Captioned web image data
--------------------

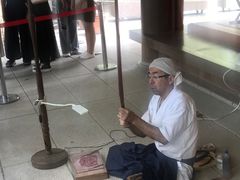 -热田神宫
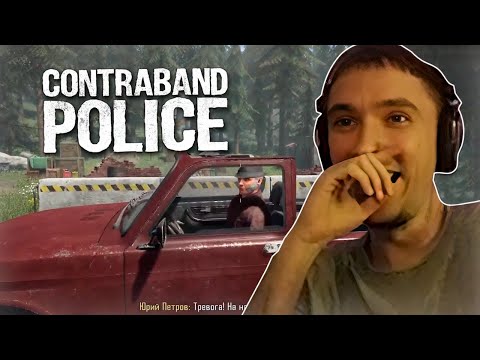 Видео: Серега Пират не знает пощады для нарушителей в Contraband Police, часть 2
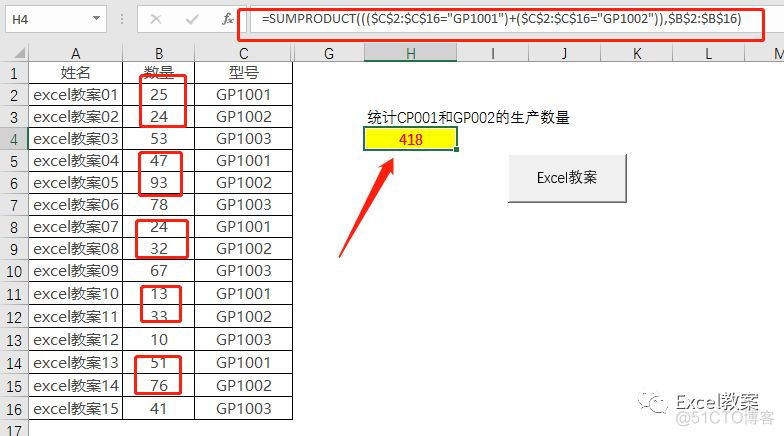 Excel数组函数SUMPRODUCT,你对她的神秘面纱了解有几何_数据_03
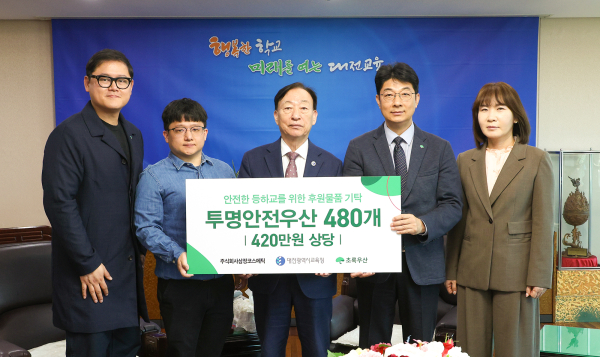 투명안전우산 기탁식 사진(왼쪽부터 강태원 초록우산 나눔사업팀장, 김진웅 (주)삼정코스메틱 대표, 설동호 대전광역시교육감, 최승인 본부장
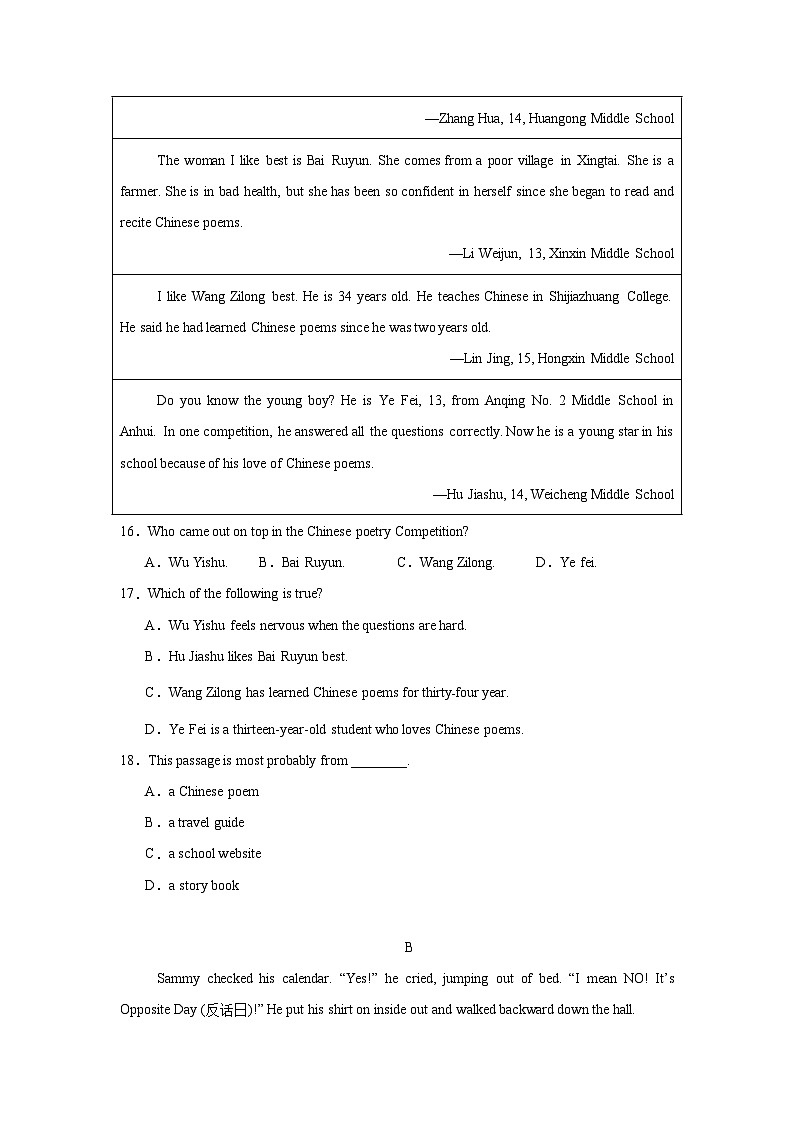 山东省日照市北京路中学2024-2025学年八年级上学期期中测试英语试卷第3页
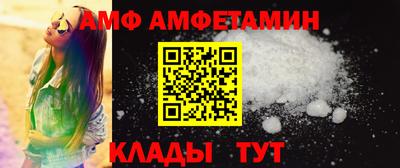 мефедрон Свободный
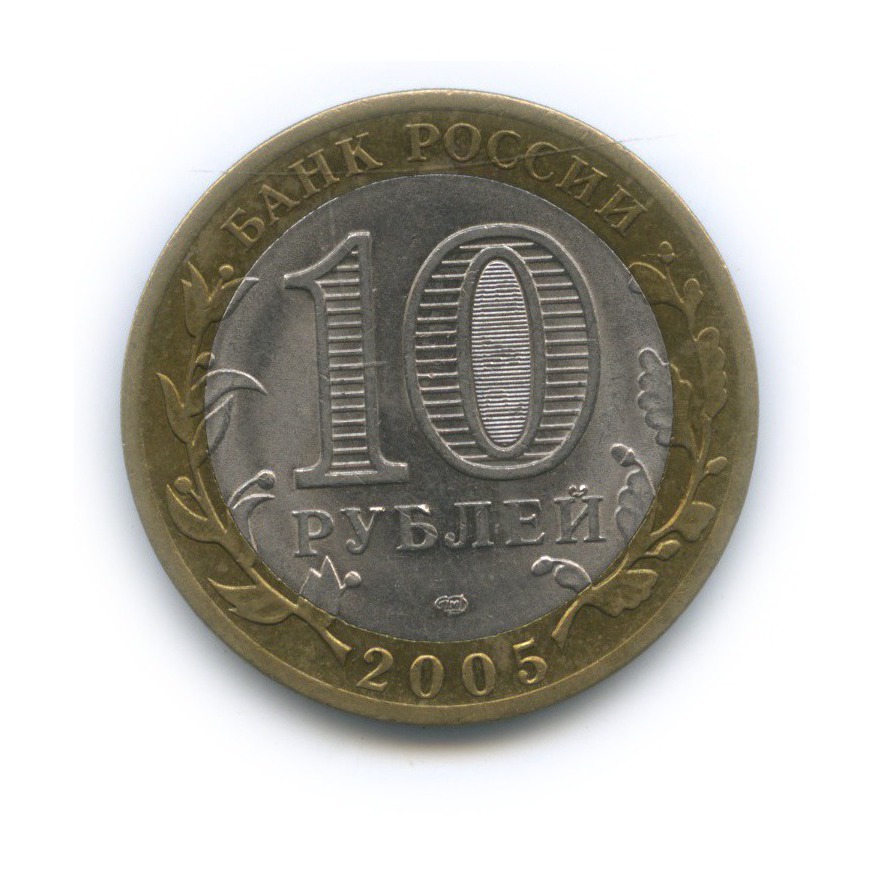 10 рублей 2005 СПМД — 60-я годовщина Победы в Великой Отечественной войне 1941−1945 гг
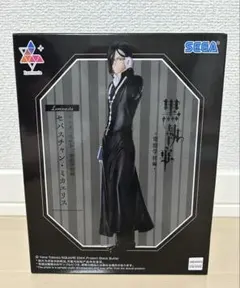 黒執事 -寄宿学校編- セバスチャン・ミカエリス フィギュア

--------------------

Type the entries above out again exactly, with no pictures.

Solution below:
 -热田神宫
 Видео: Серега Пират не знает пощады для нарушителей в Contraband Police, часть 2
 Excel数组函数SUMPRODUCT,你对她的神秘面纱了解有几何_数据_03
 투명안전우산 기탁식 사진(왼쪽부터 강태원 초록우산 나눔사업팀장, 김진웅 (주)삼정코스메틱 대표, 설동호 대전광역시교육감, 최승인 본부장
 山东省日照市北京路中学2024-2025学年八年级上学期期中测试英语试卷第3页
 мефедрон Свободный
 10 рублей 2005 СПМД — 60-я годовщина Победы в Великой Отечественной войне 1941−1945 гг
 黒執事 -寄宿学校編- セバスチャン・ミカエリス フィギュア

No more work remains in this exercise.